- Opening Delimiter -
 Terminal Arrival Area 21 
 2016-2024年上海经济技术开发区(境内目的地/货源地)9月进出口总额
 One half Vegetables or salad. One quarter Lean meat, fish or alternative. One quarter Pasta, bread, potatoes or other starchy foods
- Closing Delimiter -
- Opening Delimiter -
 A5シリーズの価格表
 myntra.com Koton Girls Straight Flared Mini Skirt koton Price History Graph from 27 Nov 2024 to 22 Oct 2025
- Closing Delimiter -
▶ **WORK INSTRUCTION**: Retype only the stretch of lines above starting at the one with "Terminal Arrival Area 21" and stopping at the one with "One half Vegetables", exactly as written, with both kept.

▶ **RESPONSE BELOW**:
 Terminal Arrival Area 21 
 2016-2024年上海经济技术开发区(境内目的地/货源地)9月进出口总额
 One half Vegetables or salad. One quarter Lean meat, fish or alternative. One quarter Pasta, bread, potatoes or other starchy foods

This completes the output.